This book is in very much a similar vein to Adrienne Mayor's earlier book, The First Fossil Hunters: Dinosaurs, Mammoths, and Myth in Greek and Roman Times, tracing evidence, via literature, folklore and myth, of the awareness of ancient cultures of prehistoric fossils. She set herself a much harder task in this book, in tracing Native American awareness and understanding of fossil remains via stories and myth-making, since most Native cultures are oral and therefore prior to the relatively modern era left little in the way of written evidence of myths and beliefs.

It's a fascinating read, although it didn't enthral me in quite the same way as her other book. Part of my issue was the approach, I have to confess. For a start, it would be impossible to replicate the thoughts and beliefs of earlier generations of Native Americans; for all that their culture is predominately oral, it is virtually impossible to believe that modern stories and myths can have been handed down over decades and centuries within any change, modification or influence from current knowledge. Unlike a Greek vase or a Roman tablet, there is no way of ascertaining just how old a story may be. A storyteller saying it has been passed from his grandfather's grandfather's grandfather is not evidence.

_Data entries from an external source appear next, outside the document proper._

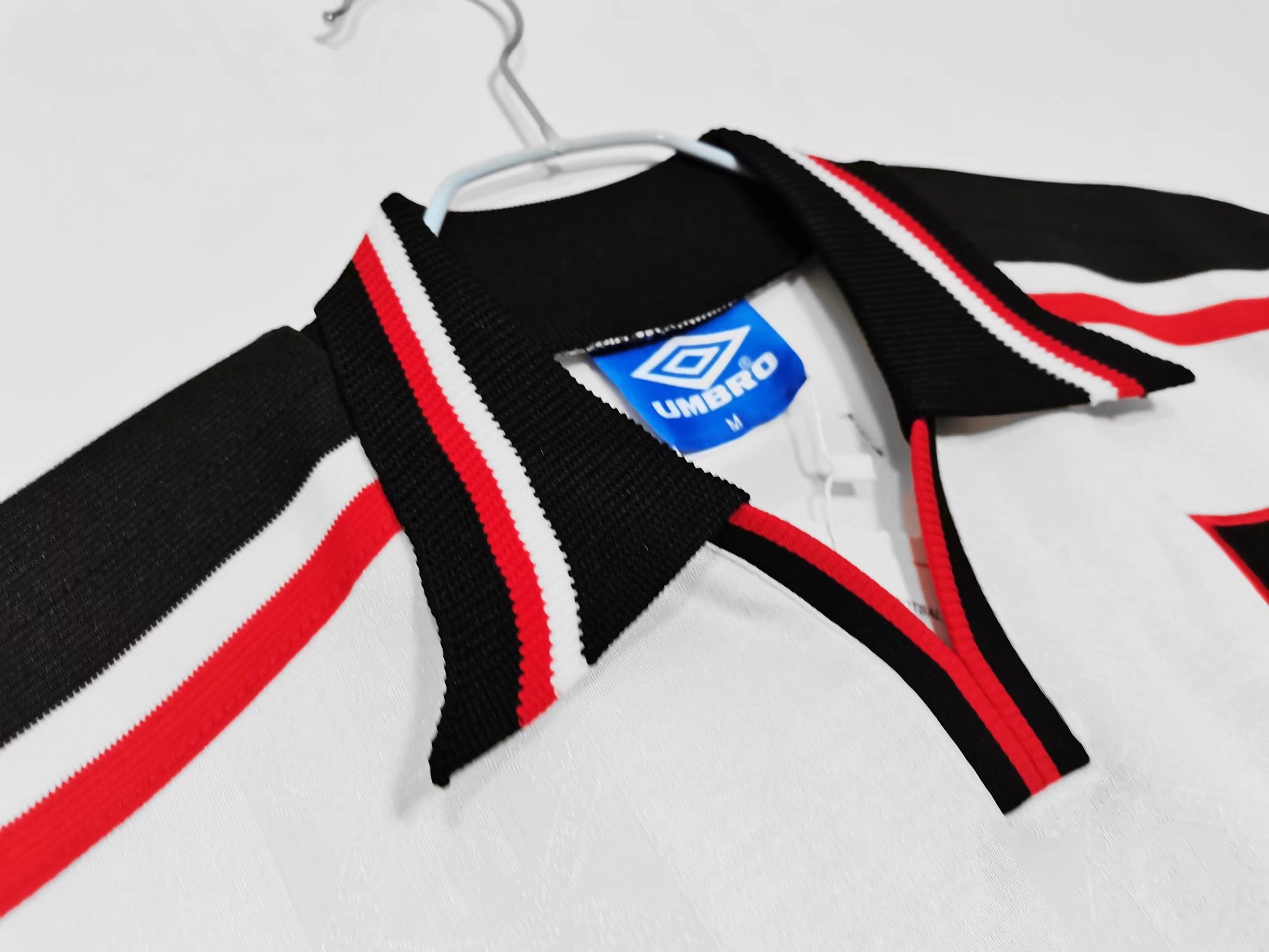 Retro Manchester United 97/99 Away -Branco 3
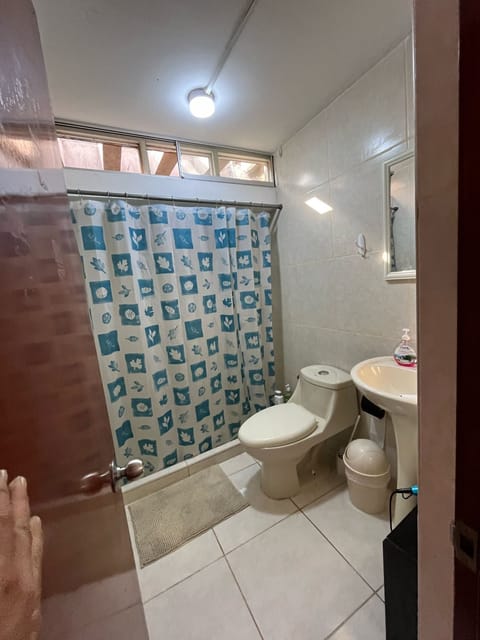 Habitacion Doble 8 | Bathroom | Shower, free toiletries, hair dryer, towels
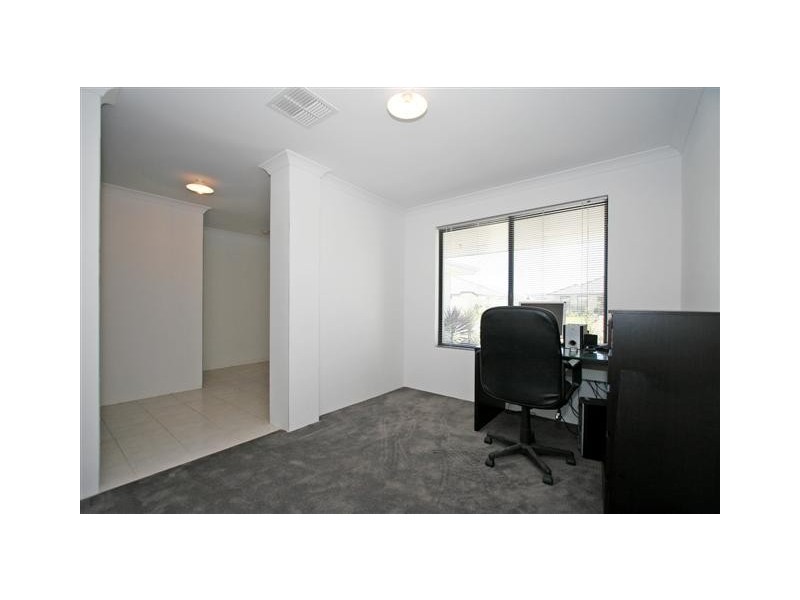 32 Glasgow Way, Seville Grove WA 6112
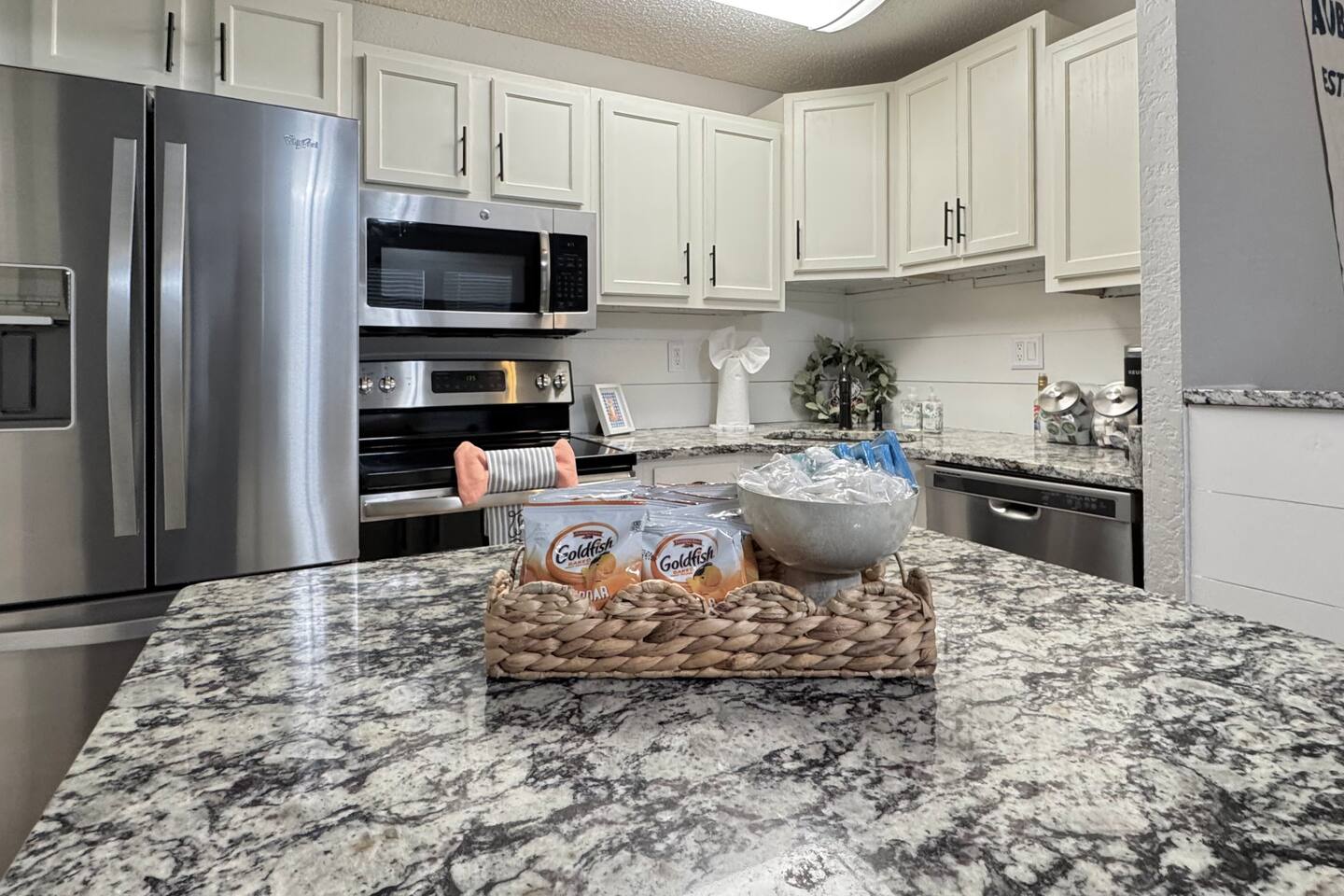 Summer at Auburn | Chic 3BR Near Jordan Hare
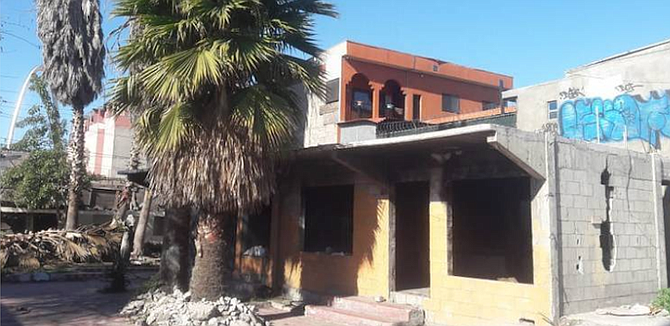 Abandoned house from article in El Sol de Tijuana on squatters. (Photo by Angeles Garcia)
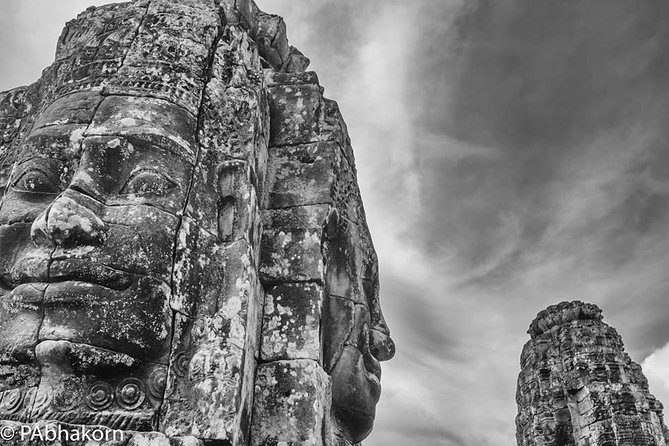 2 Days Discover Angkor Wat Complex and Cambodia's Villages Tours - The Terrace of the Elephants and Bayon: Where You Notice the Details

I can well believe that earlier generations of Native Americans, both pre- and post-Columbian, will have incorporated the fossils and remains into their belief systems, that stories of Thunder Beings and Water Monsters may have been inspired by the scattered remains of gigantic creatures, that Native Americans may have shown much more awareness of 'deep time' and geological epochs, of extinction events, climate change and climatic disasters, than pre-Darwinian Europeans may have. But relying of stories told now as evidence of what people believed then, is just too much of a stretch for me. But it's an interesting theory, one I well believe, and given how well it ties into the arguments in her previous book about the Greeks and Romans, it's a theory that I think holds up, despite the lack of empirical evidence - and certainly I think more attention needs to be paid by the academic community to what Native American myths and legends may reveal about intellectual sophistication and ancestral knowledge.